TASK: Output all of the data below exactly as given.

──────── DATASET ENTRIES

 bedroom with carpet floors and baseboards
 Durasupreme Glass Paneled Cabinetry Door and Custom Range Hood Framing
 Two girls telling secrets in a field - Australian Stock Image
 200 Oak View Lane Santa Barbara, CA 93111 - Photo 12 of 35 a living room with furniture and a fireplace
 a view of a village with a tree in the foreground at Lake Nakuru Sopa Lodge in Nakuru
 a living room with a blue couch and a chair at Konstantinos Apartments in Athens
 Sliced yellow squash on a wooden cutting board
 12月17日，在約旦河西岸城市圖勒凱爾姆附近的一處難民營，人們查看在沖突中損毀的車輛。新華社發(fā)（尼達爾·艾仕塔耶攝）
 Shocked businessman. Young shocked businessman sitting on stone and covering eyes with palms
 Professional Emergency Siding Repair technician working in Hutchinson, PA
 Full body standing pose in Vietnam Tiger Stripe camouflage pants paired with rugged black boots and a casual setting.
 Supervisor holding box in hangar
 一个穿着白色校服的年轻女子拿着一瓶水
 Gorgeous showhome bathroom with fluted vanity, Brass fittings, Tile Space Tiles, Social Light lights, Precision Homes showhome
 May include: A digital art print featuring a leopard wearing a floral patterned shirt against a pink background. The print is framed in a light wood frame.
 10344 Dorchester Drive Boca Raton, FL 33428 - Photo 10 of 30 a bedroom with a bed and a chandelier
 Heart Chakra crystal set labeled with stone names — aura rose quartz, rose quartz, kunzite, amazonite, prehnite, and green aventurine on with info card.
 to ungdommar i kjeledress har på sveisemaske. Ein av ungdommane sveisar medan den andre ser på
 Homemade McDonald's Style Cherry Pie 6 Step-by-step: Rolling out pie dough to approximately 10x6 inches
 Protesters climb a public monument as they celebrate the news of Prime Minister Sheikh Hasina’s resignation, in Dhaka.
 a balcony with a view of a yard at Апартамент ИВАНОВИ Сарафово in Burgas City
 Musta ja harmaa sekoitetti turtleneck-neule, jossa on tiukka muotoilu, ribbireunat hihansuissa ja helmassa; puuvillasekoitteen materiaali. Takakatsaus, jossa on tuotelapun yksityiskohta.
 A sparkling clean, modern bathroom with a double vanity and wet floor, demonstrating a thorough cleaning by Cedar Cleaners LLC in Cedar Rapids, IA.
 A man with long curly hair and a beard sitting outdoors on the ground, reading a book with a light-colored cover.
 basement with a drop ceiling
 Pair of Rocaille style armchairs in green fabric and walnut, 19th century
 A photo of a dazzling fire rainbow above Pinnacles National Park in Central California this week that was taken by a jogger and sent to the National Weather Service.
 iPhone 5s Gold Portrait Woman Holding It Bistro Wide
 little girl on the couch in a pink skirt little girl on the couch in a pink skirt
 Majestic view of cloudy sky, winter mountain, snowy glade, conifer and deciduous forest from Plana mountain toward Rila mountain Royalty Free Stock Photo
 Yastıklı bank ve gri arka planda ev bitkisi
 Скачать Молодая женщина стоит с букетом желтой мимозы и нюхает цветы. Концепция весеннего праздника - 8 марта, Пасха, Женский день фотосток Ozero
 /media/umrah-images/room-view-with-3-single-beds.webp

────────────────

TASK RESPONSE:
 bedroom with carpet floors and baseboards
 Durasupreme Glass Paneled Cabinetry Door and Custom Range Hood Framing
 Two girls telling secrets in a field - Australian Stock Image
 200 Oak View Lane Santa Barbara, CA 93111 - Photo 12 of 35 a living room with furniture and a fireplace
 a view of a village with a tree in the foreground at Lake Nakuru Sopa Lodge in Nakuru
 a living room with a blue couch and a chair at Konstantinos Apartments in Athens
 Sliced yellow squash on a wooden cutting board
 12月17日，在約旦河西岸城市圖勒凱爾姆附近的一處難民營，人們查看在沖突中損毀的車輛。新華社發(fā)（尼達爾·艾仕塔耶攝）
 Shocked businessman. Young shocked businessman sitting on stone and covering eyes with palms
 Professional Emergency Siding Repair technician working in Hutchinson, PA
 Full body standing pose in Vietnam Tiger Stripe camouflage pants paired with rugged black boots and a casual setting.
 Supervisor holding box in hangar
 一个穿着白色校服的年轻女子拿着一瓶水
 Gorgeous showhome bathroom with fluted vanity, Brass fittings, Tile Space Tiles, Social Light lights, Precision Homes showhome
 May include: A digital art print featuring a leopard wearing a floral patterned shirt against a pink background. The print is framed in a light wood frame.
 10344 Dorchester Drive Boca Raton, FL 33428 - Photo 10 of 30 a bedroom with a bed and a chandelier
 Heart Chakra crystal set labeled with stone names — aura rose quartz, rose quartz, kunzite, amazonite, prehnite, and green aventurine on with info card.
 to ungdommar i kjeledress har på sveisemaske. Ein av ungdommane sveisar medan den andre ser på
 Homemade McDonald's Style Cherry Pie 6 Step-by-step: Rolling out pie dough to approximately 10x6 inches
 Protesters climb a public monument as they celebrate the news of Prime Minister Sheikh Hasina’s resignation, in Dhaka.
 a balcony with a view of a yard at Апартамент ИВАНОВИ Сарафово in Burgas City
 Musta ja harmaa sekoitetti turtleneck-neule, jossa on tiukka muotoilu, ribbireunat hihansuissa ja helmassa; puuvillasekoitteen materiaali. Takakatsaus, jossa on tuotelapun yksityiskohta.
 A sparkling clean, modern bathroom with a double vanity and wet floor, demonstrating a thorough cleaning by Cedar Cleaners LLC in Cedar Rapids, IA.
 A man with long curly hair and a beard sitting outdoors on the ground, reading a book with a light-colored cover.
 basement with a drop ceiling
 Pair of Rocaille style armchairs in green fabric and walnut, 19th century
 A photo of a dazzling fire rainbow above Pinnacles National Park in Central California this week that was taken by a jogger and sent to the National Weather Service.
 iPhone 5s Gold Portrait Woman Holding It Bistro Wide
 little girl on the couch in a pink skirt little girl on the couch in a pink skirt
 Majestic view of cloudy sky, winter mountain, snowy glade, conifer and deciduous forest from Plana mountain toward Rila mountain Royalty Free Stock Photo
 Yastıklı bank ve gri arka planda ev bitkisi
 Скачать Молодая женщина стоит с букетом желтой мимозы и нюхает цветы. Концепция весеннего праздника - 8 марта, Пасха, Женский день фотосток Ozero
 /media/umrah-images/room-view-with-3-single-beds.webp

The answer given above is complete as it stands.